N’ayant pas l’honneur de faire les manchettes de l’actualité, qu’elle ne revendique surtout pas, la crise de l’endettement des banques européennes s’accentue dans la discrétion, parallèlement à celle de la dette publique. Celles-ci n’ont vendu cette année que pour 413 milliards de dollars d’obligations, alors qu’elles doivent rembourser 654 milliards de dollars, selon le Financial Times. Cette situation inédite laisse 241 milliards de dollars de trou. 720 milliards de dettes devront être refinancées l’année prochaine, arrivant à maturité.
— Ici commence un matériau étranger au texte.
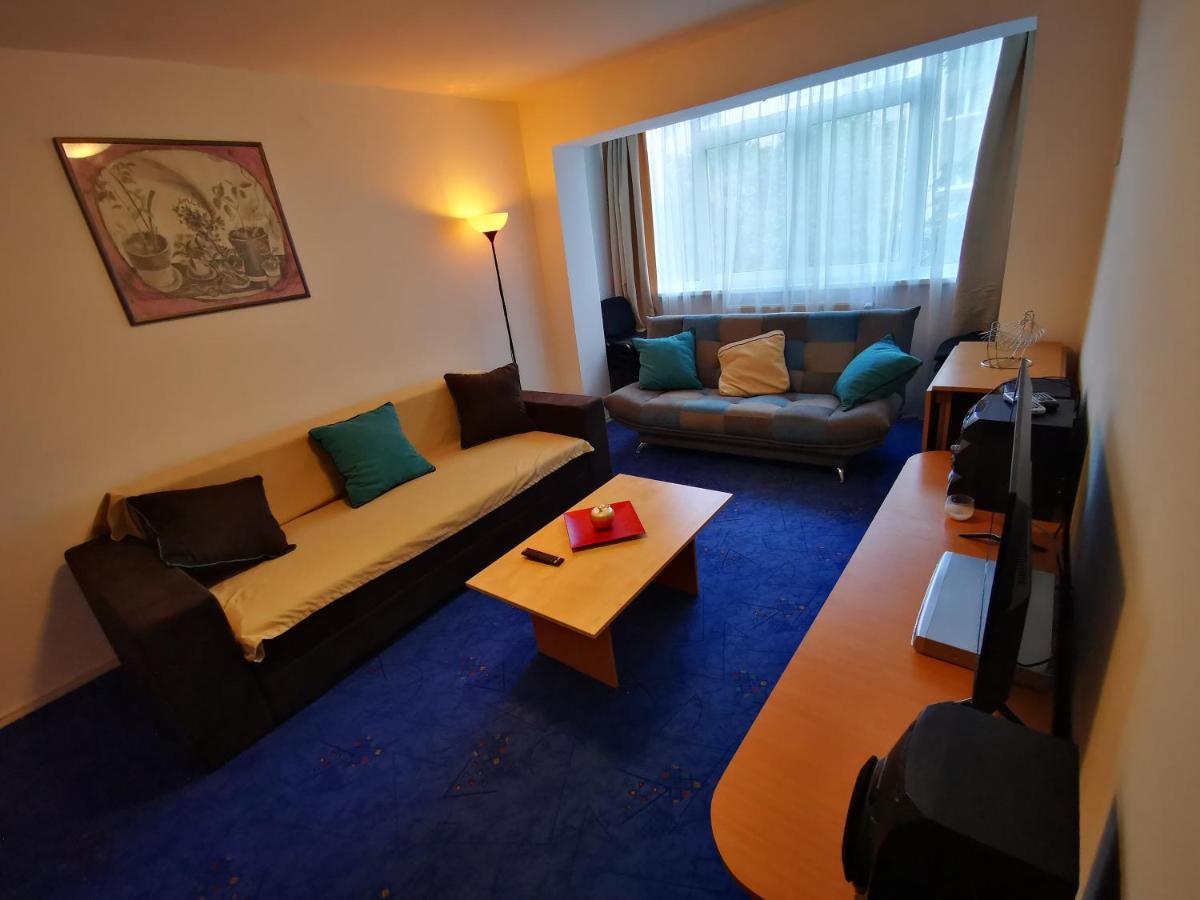 アズガApartament Langa Castanアパートメント エクステリア 写真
Les banques doivent également augmenter leurs fonds propres, à un niveau inférieur pour l’instant aux 200 milliards de dollars que le FMI avait estimé nécessaire et, comme déjà évoqué, les investisseurs ne se pressent pas à leurs portes. Ni pour acheter des actions, ni pour en faire autant des obligations. Les banques s’engagent donc dans des opérations de conversion d’obligations en actions, d’échanges d’actifs et dans une réduction de leurs engagements en s’en délestant comme elles peuvent. Tous les moyens sont bons, comme lorsque l’on doit alléger d’urgence la charge d’un bateau qui menace de couler, y compris en réduisant leurs opérations de crédit.
On a aussi vu comment pouvaient être opérés des bidouillages sur les pondérations de risque des actifs. Mais la grande inconnue est l’impact sur le crédit et ses répercussions sur l’économie. Le rétablissement des banques a un coût, qu’elles vont faire payer aux entreprises (les PME en priorité), aux collectivités et aux particuliers.
La conjonction des deux crises de l’endettement privé et public va lourdement peser sur l’économie et entraîner tous les pays occidentaux dans une récession de longue durée, avec son cortège de misères. Cependant, aucune réponse n’est à l’heure actuelle apportée à cette tendance lourde, car cela impliquerait des reconsidérations peu orthodoxes chez les bien-pensants.